For any $(x_1,\ldots,x_n)\in \mathbb F_{q^m}^n,$ $Tr(x_1,\ldots,x_n)\in \mathbb F_{q}^n$. But we can't show that any basis of $W$ can be lift via the Trace map to a basis of $W$ in $\mathbb F_q^n,$ since Trace is surjective only, it is not injective. I need some idea to prove this. Many thanks.

Answer 1

The following trick works.

Assume that $\dim_{\Bbb{F}_{q^m}}W=k\le n$. Let $\mathcal{B}=\{w_1,w_2,\ldots,w_k\}$ be a basis of $W$ as a vector space over $\Bbb{F}_{q^n}$. Consider the $k\times n$ matrix $M$ with rows $w_1,w_2,\ldots,w_k$. Because elementary row operations on $M$ simply replace the basis $\mathcal{B}$ with another one, we can, without loss of generality, assume that $M$ is in a reduced row echelon form.
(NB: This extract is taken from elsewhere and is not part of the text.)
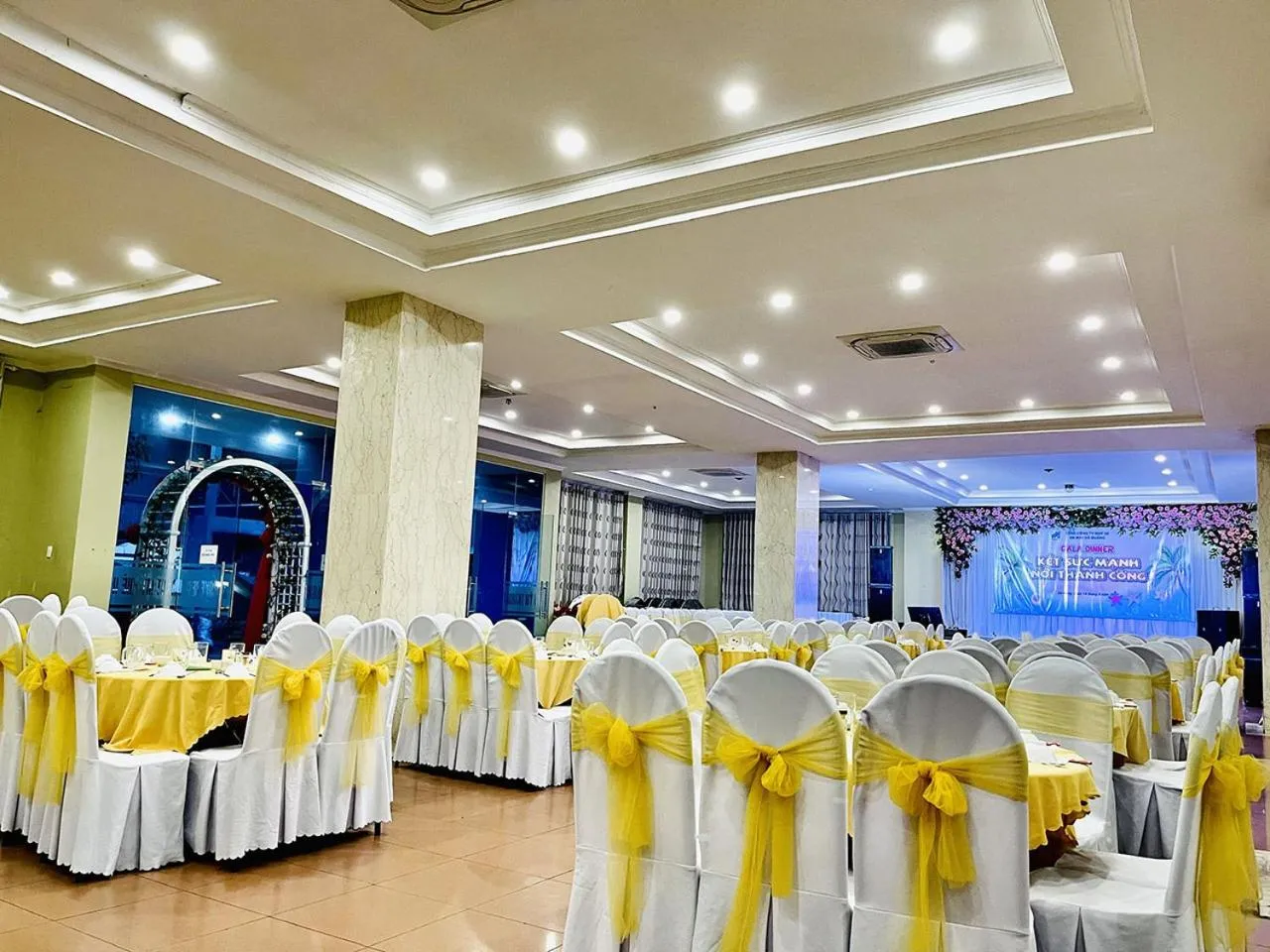 Restaurant/places to eat in My Khe 2 Da Nang Seafront Hotel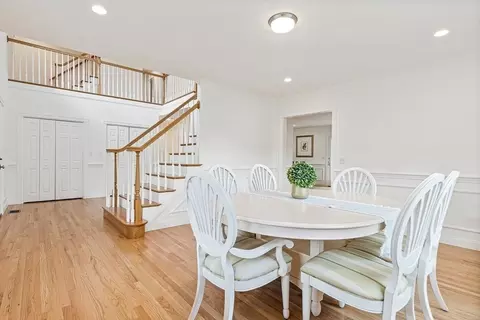 38 Winslow Rd, Reading, MA 01867 photo 8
I claim that the rows of $M$ have entries in $\Bbb{F}_q$.

The proof is easy. Assume that the initial $1$ on row number $i$ of $M$ (aka the pivot) is on column $j_i$. So the $i$th row $w_i$ of $M$ has a $1$ at position $j_i$, and a zero at all the other pivot positions $j_1<j_2<\ldots<j_{i-1}<j_{i+1}<\ldots<j_k$. The key is that $w_i$ is the only vector in $W$ with these specific coordinates at the pivot positions. This is because those component give the coordinates of any vector of $W$ w.r.t. the basis $\mathcal{B}$.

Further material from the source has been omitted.